We get to watch the same 4 scenes over and over again. Scene 1 : Jordan speaking into a microphone(wtf?) and whipping the troops into a frenzy with some over the top Gordon Gecko inspired “money = all that matters in life” pep rally. I think we get this scene on 7 separate occasions. Scene 2 : Jordan does drugs and has sex with a whore(maybe 15 times?). Scene 3 : Jordan panics about something as his world is falling apart (x4). Scene 4 : Some variation of frat party style hijinks that are supposed to shock and amuse the audience (x33). No wonder the movie felt like an eternity. Jesus, I got the point in the first 30 minutes, I didn’t need to re-watch it 5 more half-hours consecutively. And speaking of repetition, the movie literally set a film record for number of times the word “fuck” is uttered(506). Let’s be clear, excessive cursing does not equal a bad movie. If anything, most of my favorites tend to feature a healthy dose of harsh language. But, when you are writing anything, you might want to use your punctuation sparingly. Perhaps I should write my next blog entry using an exclamation point at the end of every sentence! That might lose its intended effect after a while! Don’t you think !????!?!!!!!!!!!!!!!!!!!! So, how did all this excess make its way into the final cut? I imagine Thelma Schoonmaker(editor) sweating bullets in an edit bay while Martin Scorsese vehemently rejects every cut she suggests with a gun at the back of her head. This movie would have been far less painful with at least one of the three hours lopped off.

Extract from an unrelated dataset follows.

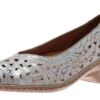 Rashida Metallic Perforated Leather Low Heel Pump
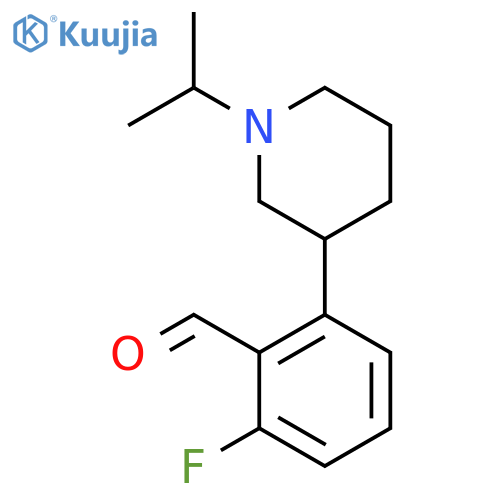 2-fluoro-6-1-(propan-2-yl)piperidin-3-ylbenzaldehyde structure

Getting back to the context of the film, let’s talk about Scorsese’s other films. As a fan of most of his work, Goodfellas and Casino immediately come to mind as much more effective uses of almost 3 hours of running time(I have seen Casino about 15 times). So, I’m definitely biased to give Scorsese the benefit of the doubt via the Halo effect(see youarenotsosmart.com). This makes this movie all the more staggering in its disappointment. There is a scene in “The Wolf of Wall Street” where things take a turn for the surreal. Out of nowhere, Jordan and Donnie Azoff(Jonah Hill) encounter rogue waves on a Yacht in the Mediterranean while private jets randomly explode overhead. This would be the equivalent of DeNiro all of a sudden recruiting an actual velociraptor to do shakedowns at local pizza joints in Goodfellas. I was utterly perplexed, but let’s look at the bright side, at least it was a scene that had something new happen in it!
I must confess that I’m not a big fan of Wall St. culture in general. So, I found the movie to provoke a sinking feeling of depression and uncomfortable irritation more than anything. I can understand how a scene like the lemon quaaludes lambo debacle is amusing, but since most of the stuff in the movie is based in a reality that we all live in, I wasn’t able to howl with laughter. I go to movies for escape. I don’t go to be reminded that the world can be a really scary, shitty place.
Perhaps Scorsese’s point was not to glorify and glamorize this world, but instead to help expose the injustice and corruption of it all – through the vehicle of Jordan’s wild adventures inside an exclusive world where immoral behavior is rarely held accountable. If that was his thrust, he failed miserably on all counts. I did not see any of the crowd at this movie shaking their heads in frustration with the white-collar atrocities of the 1%. On the other hand, if that wasn’t Marty’s objective, then I’m not sure why anyone would want to make a movie promoting being a materialistic, self-absorbed assclown. Either way, and in any context you want to look at it, it was a terrible movie that I would only recommend to people who can relate to Jordan Belfort.